Information shown
--

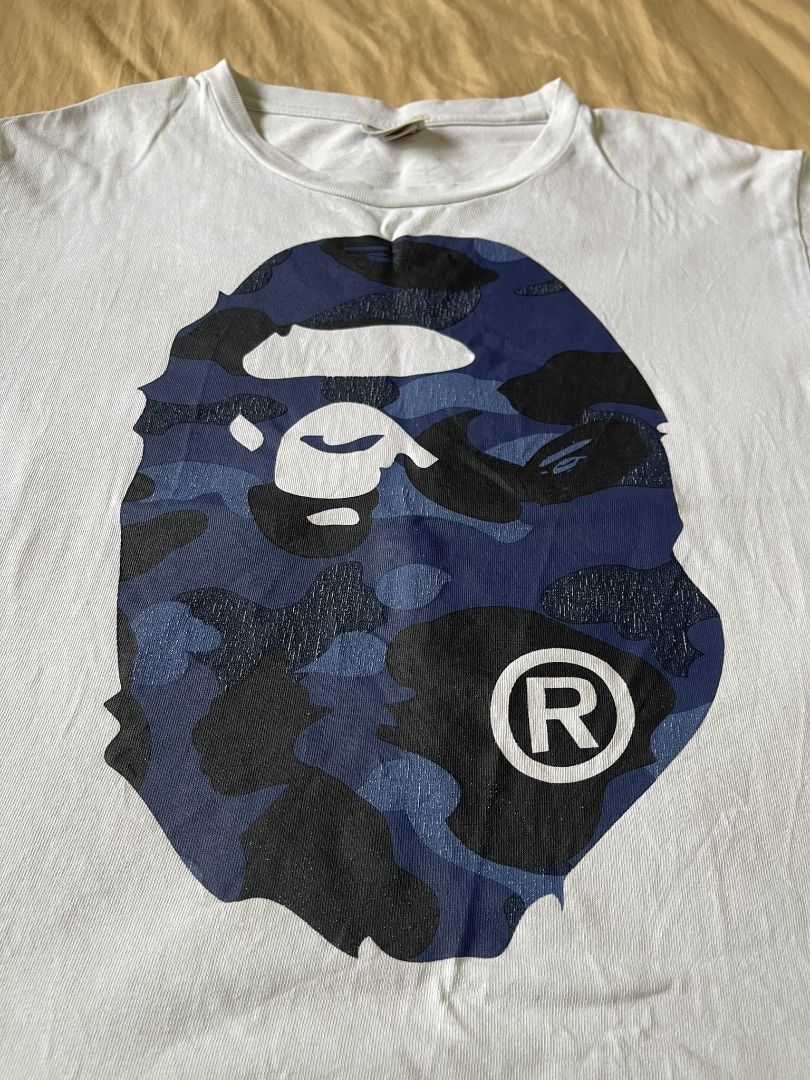 AUTHENTIC BATHING APE 'MIRROR BLUE CAMO HEAD' SHIRT (Category: Tshirts & Polo Shirts ) located in Manila. Submitted by ako.si.lemmor (Listing ID 1467419269, Image 2). Description: This item is authentic but thrifted, manage your expectation. Dimes: 22X26 (L) Color rate: 8/10 Issue: Hairline prints, color fade Shipping at your own cost or pickup Mandaluyong..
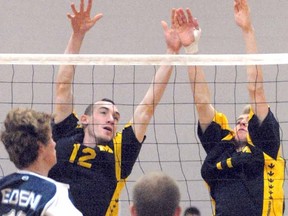 Stratford St. Michael Warriors' John Liotta, at right, and Brendon McLeod make the block against top-seed St. Catharines Eden High School at the OFSAA AA senior boys volleyball championships Friday. SCOTT WISHART The Beacon Herald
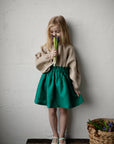 A young girl in a green skirt and beige blouse stands next to a basket of flowers, holding a bunch of flowers in her hand.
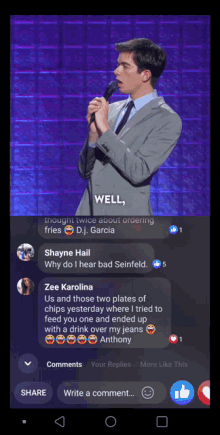 a man in a suit and tie stands in front of a microphone with the words well on the screen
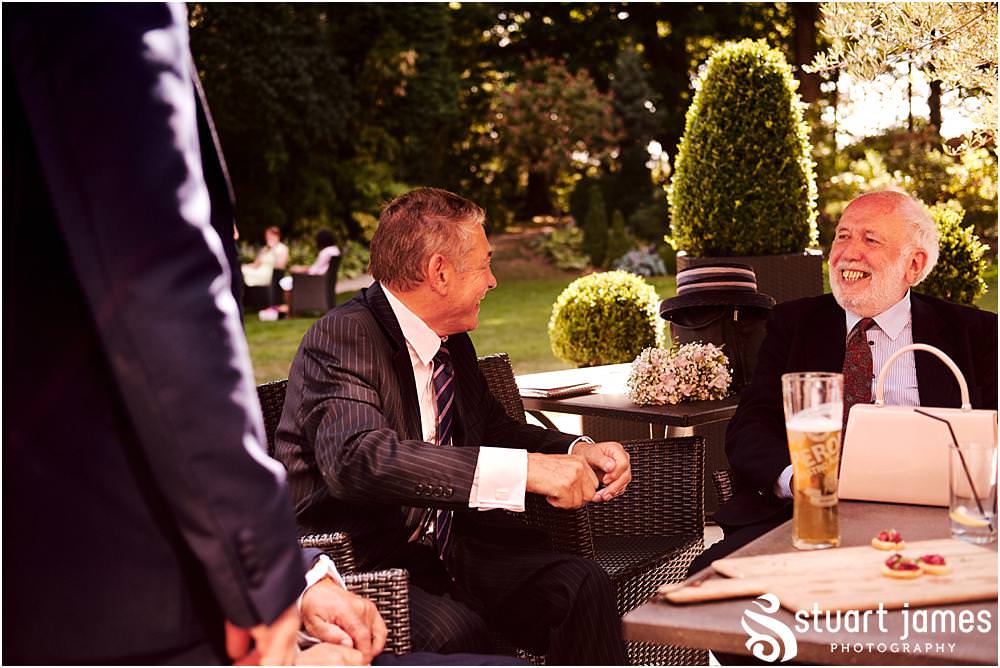 Relaxed reportage photographs capturing the atmosphere of the wedding reception as the guests enjoy the drinks in the amazing setting of Moxhull Hall in Sutton Coldfield by Moxhull Hall Wedding Photographer Stuart James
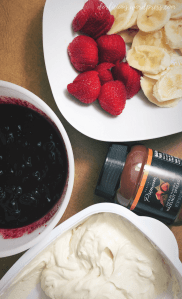 A photo of cream cheese filling, blueberry compote, hazelnut spread, sliced bananas and sliced strawberries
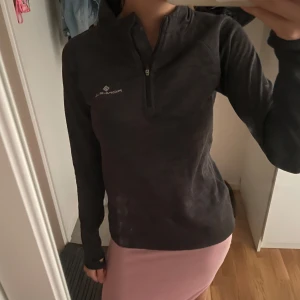 Svart långärmad träningströja Ronhill - Svart långärmad träningströja från Ronhill med halv dragkedja framtill och diskret logga på bröstet. Tröjan har en sportig passform och är tillverkad i ett lätt syntetmaterial som andas, perfekt för löpning eller gym.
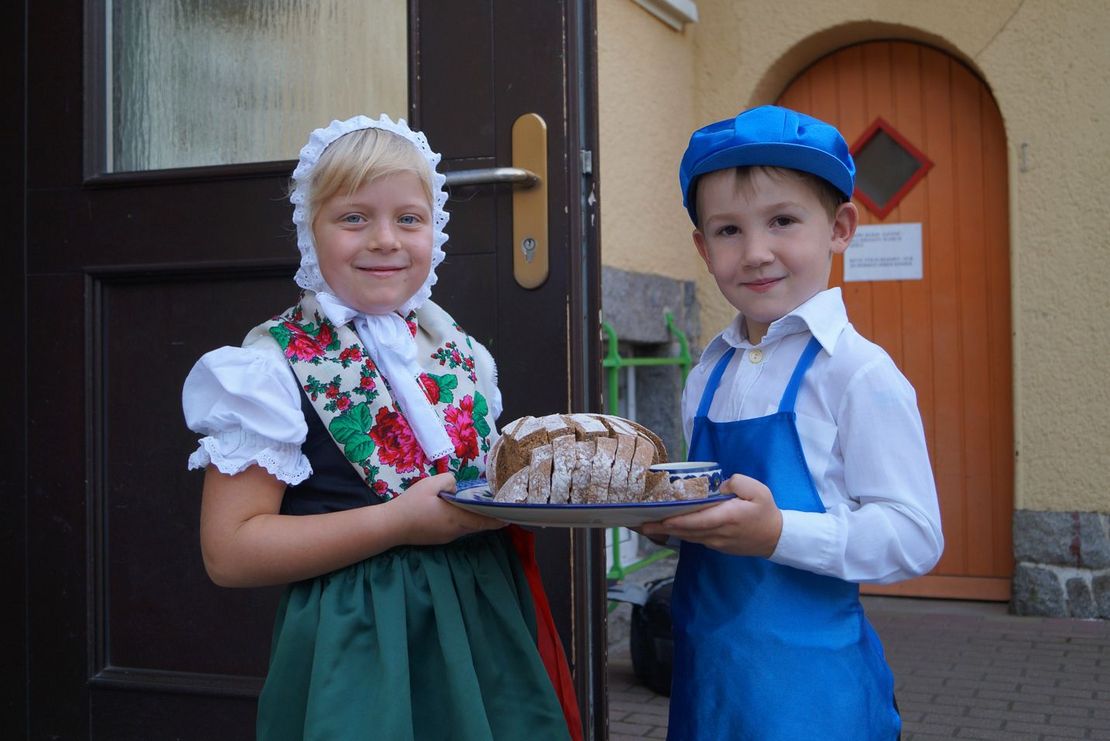 zwei Kinder (Junge und Mädchen) stehen in typisch sorbischer Tracht vor dem Eingang der Kita, und halten ein traditionelles Osterbrot in der Hand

--

Exercise objective
Line by line, retype the records above exactly, minus the images.

Answer to the exercise
 AUTHENTIC BATHING APE 'MIRROR BLUE CAMO HEAD' SHIRT (Category: Tshirts & Polo Shirts ) located in Manila. Submitted by ako.si.lemmor (Listing ID 1467419269, Image 2). Description: This item is authentic but thrifted, manage your expectation. Dimes: 22X26 (L) Color rate: 8/10 Issue: Hairline prints, color fade Shipping at your own cost or pickup Mandaluyong..
 Stratford St. Michael Warriors' John Liotta, at right, and Brendon McLeod make the block against top-seed St. Catharines Eden High School at the OFSAA AA senior boys volleyball championships Friday. SCOTT WISHART The Beacon Herald
 A young girl in a green skirt and beige blouse stands next to a basket of flowers, holding a bunch of flowers in her hand.
 a man in a suit and tie stands in front of a microphone with the words well on the screen
 Relaxed reportage photographs capturing the atmosphere of the wedding reception as the guests enjoy the drinks in the amazing setting of Moxhull Hall in Sutton Coldfield by Moxhull Hall Wedding Photographer Stuart James
 A photo of cream cheese filling, blueberry compote, hazelnut spread, sliced bananas and sliced strawberries
 Svart långärmad träningströja Ronhill - Svart långärmad träningströja från Ronhill med halv dragkedja framtill och diskret logga på bröstet. Tröjan har en sportig passform och är tillverkad i ett lätt syntetmaterial som andas, perfekt för löpning eller gym.
 zwei Kinder (Junge und Mädchen) stehen in typisch sorbischer Tracht vor dem Eingang der Kita, und halten ein traditionelles Osterbrot in der Hand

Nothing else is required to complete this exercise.